A medianoche, el Castillo Real estaba sumido en la oscuridad total, únicamente las ventanas del aposento real estaban todavía iluminadas. Lázarus y su perversa esposa, Donnarella, estaban a punto de acostarse.
- ¿Por qué estás tan contento, querido? - preguntó con suspicacia la mujer que tenía la piel de una palidez similar a la de la porcelana, el largo cabello lacio de un tono rubio cenizo, sus gruesos labios de un rojo carmesí intenso y unas uñas casi tan largas como las garras de una fiera.
- ¿Por qué más va a ser? ¿Acaso no te lo imaginas? - le respondió Lázarus esbozando una sonrisa maquiavélica y entonces, cuando Donnarella cayó en la cuenta, se le iluminó el pálido rostro.
- ¡No me digas! ¿Eso quiere decir que... finalmente tienes a la mocosa aquí encerrada en las mazmorras? -
- No exactamente, pero se podría decir que prácticamente la tengo en la palma de mi mano. -
Donnarella soltó una tétrica carcajada que era capaz de ponerle los pelos de punta a cualquiera y se puso a dar vueltas como loca por toda la habitación haciendo ondear las largas mangas de su vestido negro. - ¡No puedo esperar más a tengas a Potentiam en tus manos y seas el amo absoluto del reino! -
- Te entiendo querida, Máximus y yo también lo hemos festejado. -
- ¿Máximus ha venido al castillo? ¿Cuándo? - inquirió Donnarella totalmente sorprendida.

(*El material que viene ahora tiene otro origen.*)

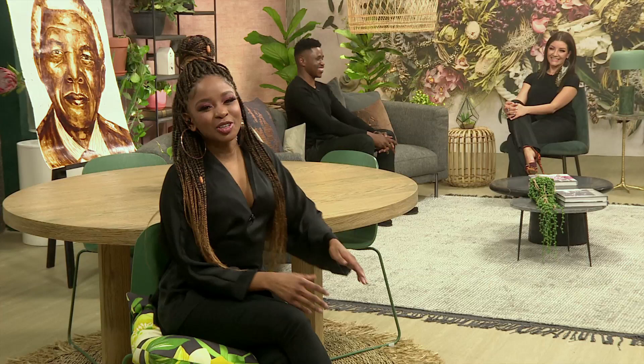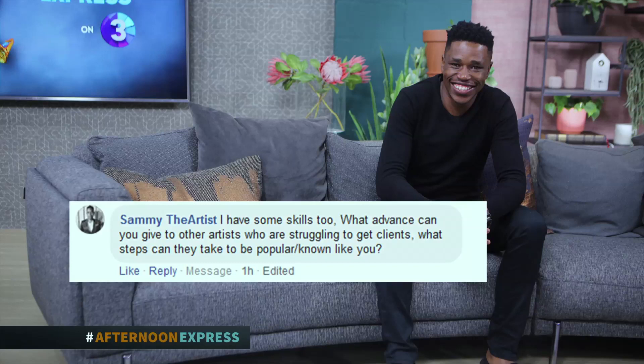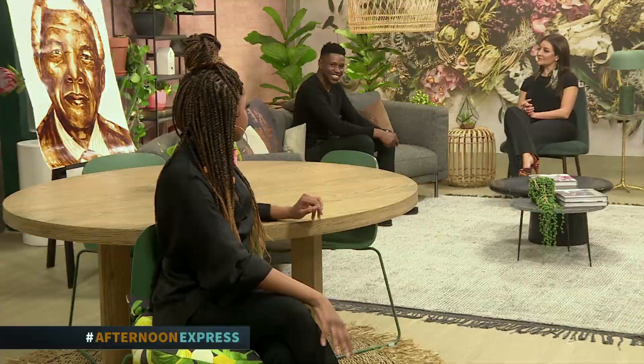Thank you so much for being here today. Let's see what South Africa has to say about your gorgeous pieces. We've asked on our socials if you have any questions for Enoch and if you have any self-taught skills. Sammy the artist commented: I have some skills too, but what advice would you give to other artists who are struggling to get clients and what steps can they take to become popular or known like you? I use social media a lot because it's something that everybody can access — it's easy and cheap, and everyone is always on their phone. Be sure to follow Enoch on his Instagram; all the details will be on our website. Thank you so much for being here.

- Hoy antes del anochecer. -
- ¿Sabes? Pienso que debería ser un poco más discreto con sus visitas, no sería conveniente que alguien llegara a descubrirlo. -
- Y a propósito de visitas... tengo que bajar a ver a un viejo amigo al que estoy seguro le va a dar mucho gusto recibir esta noticia. -
- ¿Y no puedes esperar hasta mañana para decírselo? - refunfuñó Donnarella frunciendo el ceño y apachurrando las narices.
- No querida, tiene que ser ahora mismo. -
Dicho esto, Lázarus tomó su látigo y salió de la habitación caminando velozmente. Descendió por varios tramos de escaleras y cruzó infinidad de lúgubres pasillos hasta llegar a las mazmorras del castillo. Allá abajo hacía un frío que calaba los huesos a pesar de que las enormes antorchas que las alumbraban estaban encendidas con un vívido fuego.
Mientras caminaba por los sucios y malolientes pasillos de piedra, Lázarus repartía latigazos a diestra y siniestra a todos los cautivos que se atrevían a alargar sus temblorosas y maltratadas manos a través de los barrotes de las celdas para tratar de asir su capa al mismo tiempo que suplicaban clemencia. Él pasó de largo sin dignarse a mirarlos siquiera.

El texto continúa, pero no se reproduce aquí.